New Delhi, Mar 19: NASA astronauts Sunita Williams and Butch Wilmore safely returned to Earth after nine months of stay in space.
The NASA astronauts, along with fellow American Nick Hague and Russian cosmonaut Aleksandr Gorbunov safely splashed down off the Florida coast at 5.57 pm ET on Tuesday (3.27 am IST, Wednesday).
Their SpaceX Crew Dragon capsule, ‘Freedom’, glided through Earth’s atmosphere, enduring blistering temperatures of around 3,000 degrees Fahrenheit (1650 degrees Celsius), before parachuting into the Gulf of Mexico near Tallahassee.
A recovery vessel will retrieve the quartet and fly them to NASA’s Johnson Space Center in Houston.

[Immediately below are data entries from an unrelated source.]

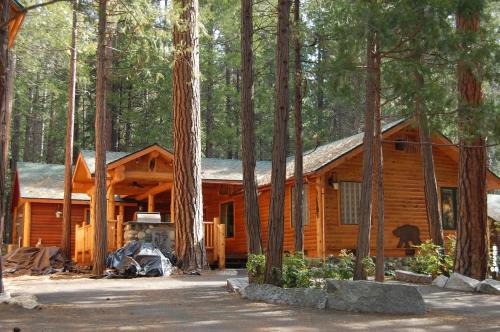 The Redwoods Yosemite 
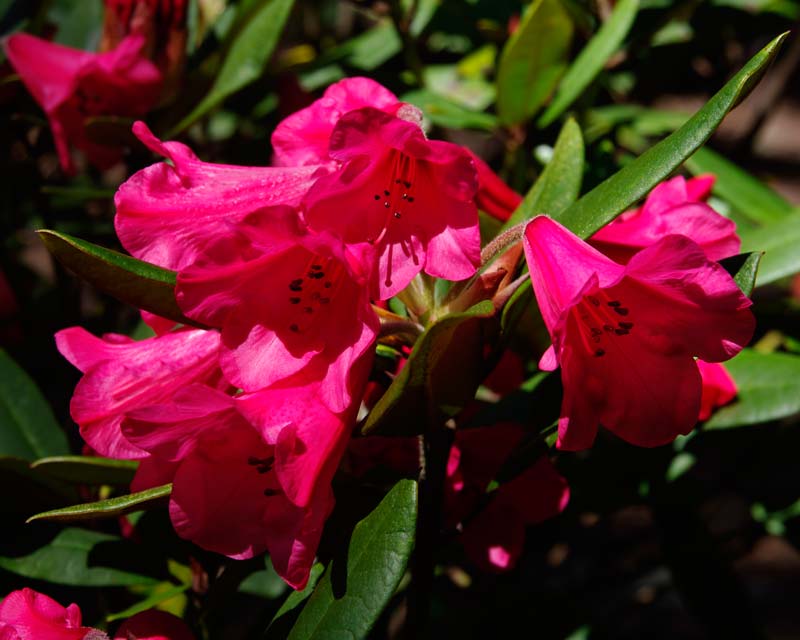 Rhododendron 'Winsome' small to medium sized shrub with deep pink bell shaped flowers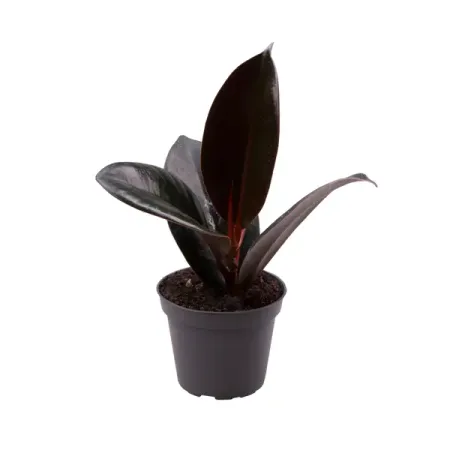 Фикус Робуста ø6 h15 см сергей анатольевич жевалов поставки сельхозпродукции в советском союзе в период великой отечественнной войны часть 1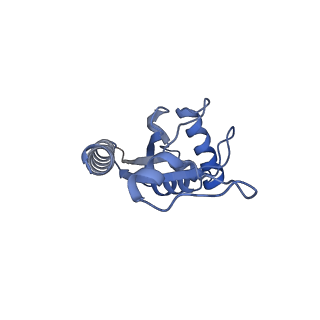 9622_6ah3_E_v1-2
Cryo-EM structure of yeast Ribonuclease P with pre-tRNA substrate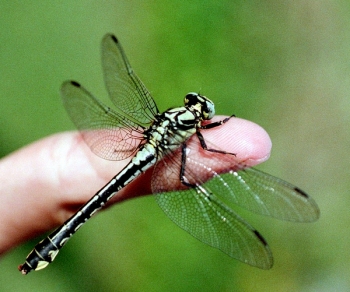 Related image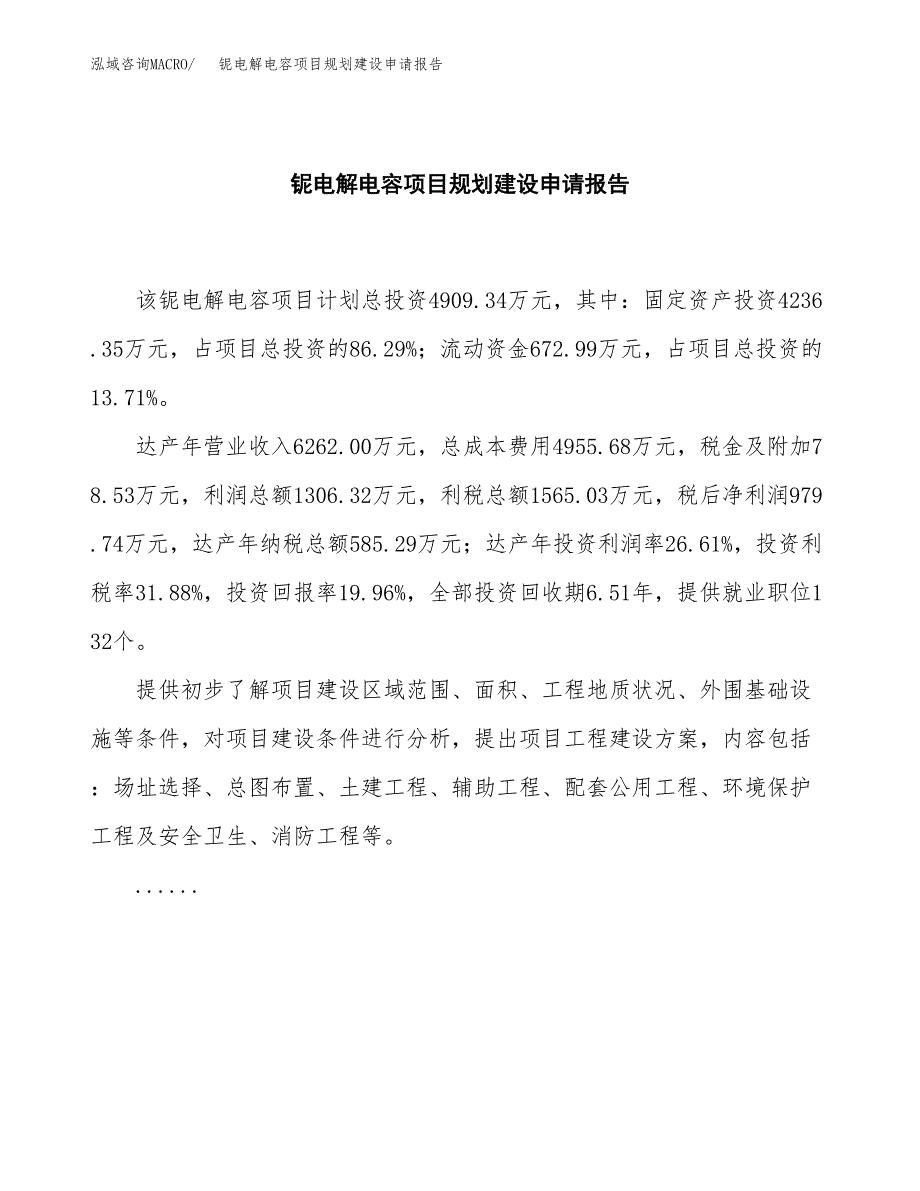 铌电解电容项目规划建设申请报告范文.docx_第2页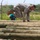 Best Warrior Competition Obstacle Course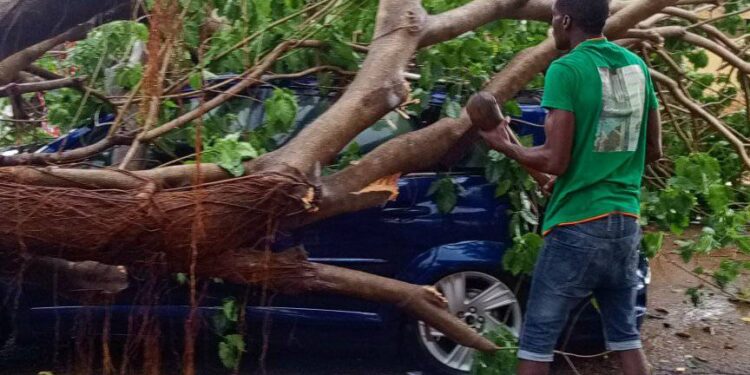 Woman escapes death as tree falls on her car in Makurdi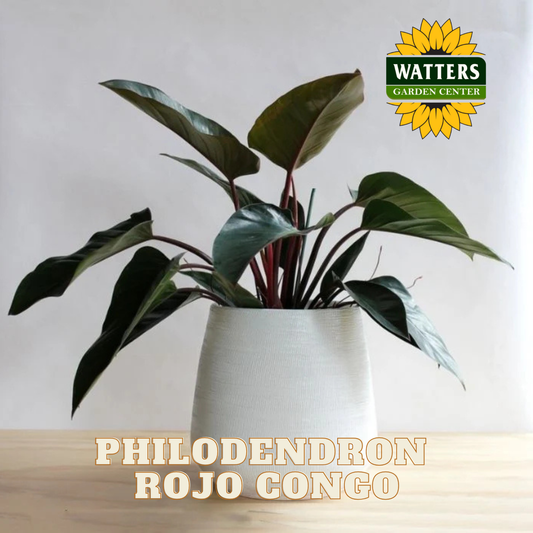 Potted Philodendron Rojo Congo plant with Watters Garden Center logo.
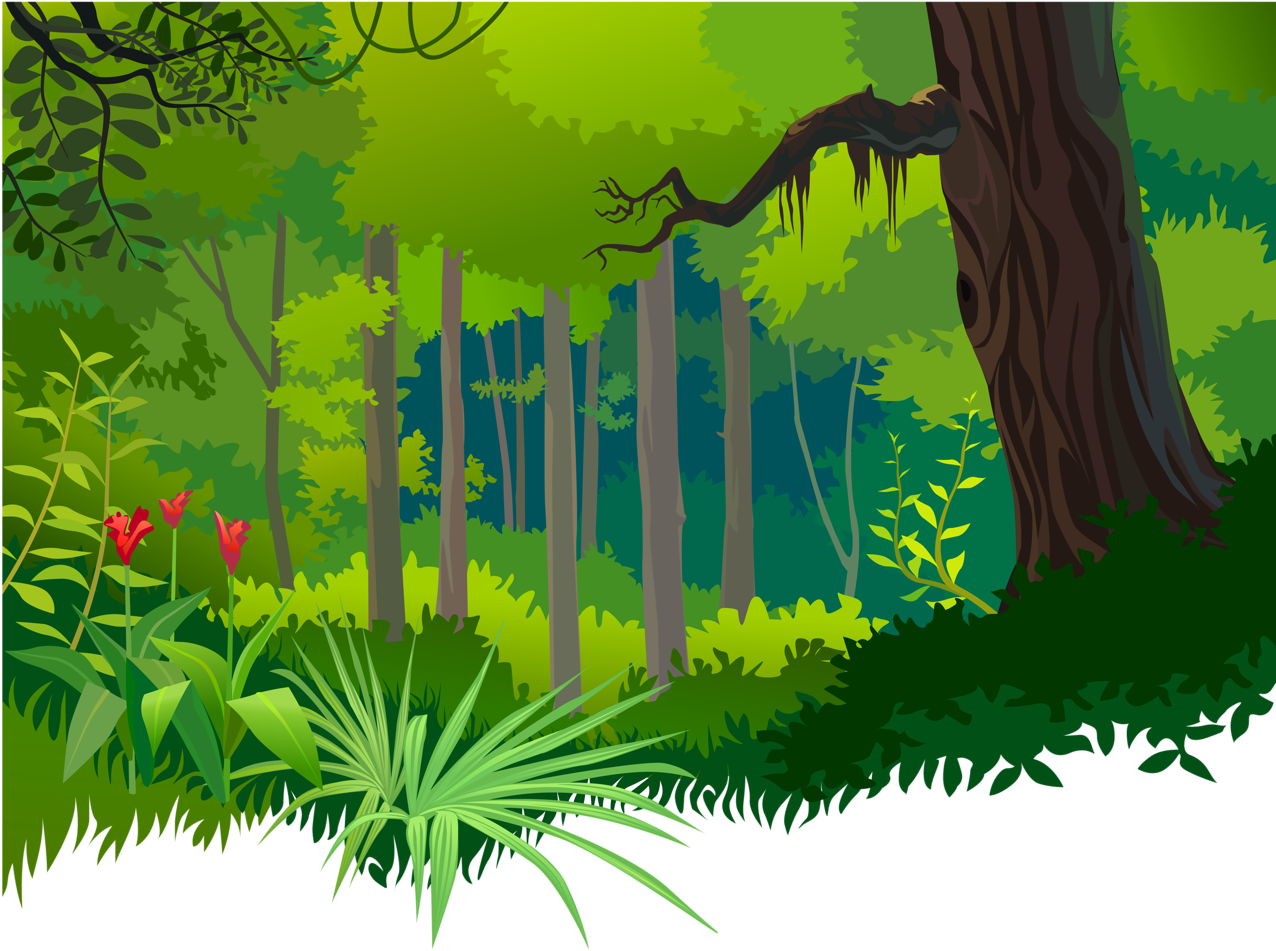 Pin By Thalie Saby On Papier D - Jungle Vectors (1280x996), Png Download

The astronauts will undergo a 45-day rehabilitation program to readjust to gravity after their extended stint in microgravity.
Butch Wilmore and Suni Williams initially launched to the International Space Station (ISS) in June of last year aboard Boeing’s Starliner on what was meant to be a brief test flight – an 8 days-long mission to validate the spacecraft’s safety for crewed operations. However, propulsion malfunctions forced the spacecraft to return empty, leaving the astronauts unexpectedly marooned in space.
Rather than rush a rescue mission, NASA reassigned the pair to SpaceX’s Crew-9 mission, which arrived at the ISS last September. The decision to reduce Crew-9’s manifest from four astronauts to two made room for Wilmore and Williams, who had by then earned the unofficial title of the “stranded” astronauts — a label NASA rejected, emphasizing that they could have been evacuated in an emergency.
Their plight captured the world’s attention, giving new meaning to the phrase “stuck at work” and turning “Butch and Suni” into household names. While other astronauts had logged longer spaceflights over the decades, none had to deal with so much uncertainty or see the length of their mission expand by so much.
On Sunday morning, Crew-9 bid a heartfelt farewell to their ISS colleagues after the arrival of their replacements, Crew-10, earlier in the day. As they prepared for their journey home, Hague’s parting words resonated: “Colleagues and dear friends who remain on the station… we’ll be waiting for you. Crew-9 is going home.”